The TTB has a somewhat greater specific mandate from Congress than many other federal agencies. But it has also made many judgment calls on its own, and can now be sued over most if not all of them. It's worth noting that in order to sue, a business has to show harm, which means it probably has to have lost a case at the TTB already.
For example, in 2022, the TTB said it's okay to call the taste of a wine "clean and crisp", but not OK to say a wine is "clean and healthy". But that's purely the TTB's judgment without a specific regulation from Congress. Now a producer could sue to put "clean and healthy" on the label. All that would need to happen is for a company to put that on a label application, and for the TTB to do what it said it would do in 2022, and deny approval to that label.
"What I wonder is, how circumspect will agencies be?" Tobiassen said. "If you went to TTB and said, we don't think you have any solid basis for this decision. We are going to challenge you eventually. Do you really want to go down that road? Do you really want to issue all these regulations and have them mired down in courts for years? Are agencies going to be a little more shy in what they do?"
Beverage alcohol attorney John Hinman said one regulation that could be challenged regards payment terms. The Federal Alcohol Administration Act that empowers the TTB specifically forbids consignment or conditional sales; that was written by Congress, so it will not be overturned.
In 2022, the TTB put out a circular to the industry warning: "Payment terms exceeding 30 days for sales between industry members and trade buyers may invite scrutiny from TTB to determine whether the payment terms were merely a subterfuge to sell on consignment because the trade buyer is effectively under no obligation to pay for the product until such trade buyer sells it."
This is the TTB filling in for Congress that the difference between a normal sale and a consignment sale is the difference between payment in 30 days, and 31 days.
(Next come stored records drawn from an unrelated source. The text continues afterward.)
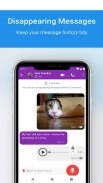 Vchat Messenger - Messages, Group Chats & Calls screenshot 2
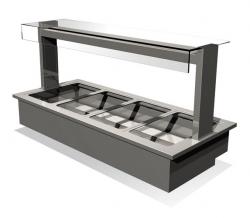 Manhattan Heated Display Bain Marie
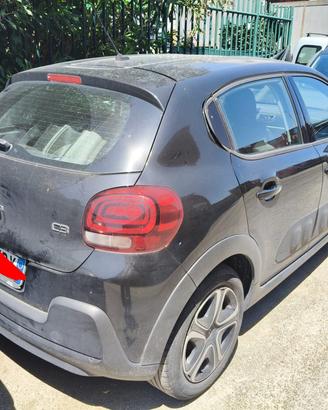 CITROEN C3 RICAMBI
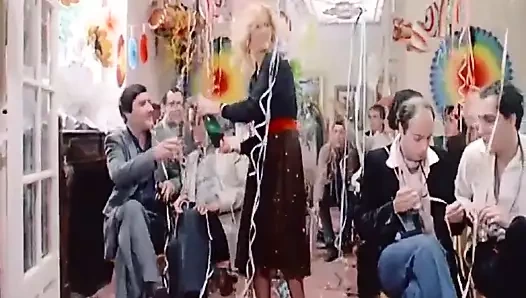 Les Petite Ecolieres - English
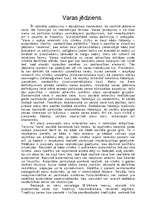 Referāts 'Varas jēdziens', 1.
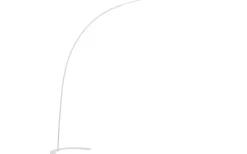 Trio Lighting Shanghai Golvlampa LED vit* Golvlampor|Golvläslampor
"This has caused a lot of industry members to question extended terms of sale, which make sense for long tail and slow-moving products," Hinman told Wine-Searcher. "The net effect is to make it more difficult for imports and small producers to find a market because their products are slow-moving. Why, if the terms of sale do not link to payment being contingent on the downstream seller selling the goods – true consignment – aren’t extended payment terms legal? Because the agency says so?"
Tobiassen points out that for this provision to be challenged, an importer or producer would first have to lose a decision at the TTB, so that it has something specific to challenge. And to do so would put it at risk of having its license suspended or revoked.
Tobiassen said that one of the worst impacts of the decision is industry uncertainty. Companies invest millions of dollars to ensure that they are in compliance with regulations – but now those regulations might not stand if a single federal judge doesn't like them.
"The Supreme Court in most cases doesn't want to accept that the world is much more complicated and the courts and the executive branch have to evolve," Tobiassen said. "The issues in the 1790s were not as complicated as they are today. Back then, the biggest decision might have been, is a smallpox vaccine good medicine? That's a decision, but is it the same as deciding if an AI doctor making a diagnosis is a doctor acting within the standards of care for a community?
"I don't know why, if the Supreme Court wants to be originalist, they're not stuck on the Second Amendment, saying [the right to bear] 'firearms' means flintlocks and dueling pistols," Tobiassen said. "That's what 'bearing arms' meant in the 1790s. It doesn't mean AK47s. They didn't have AK47s in the 1790s. But the justices don't do that. They pick and choose where they want to be originalist. Now the courts have essentially said, 'All bets are off. We can do anything'."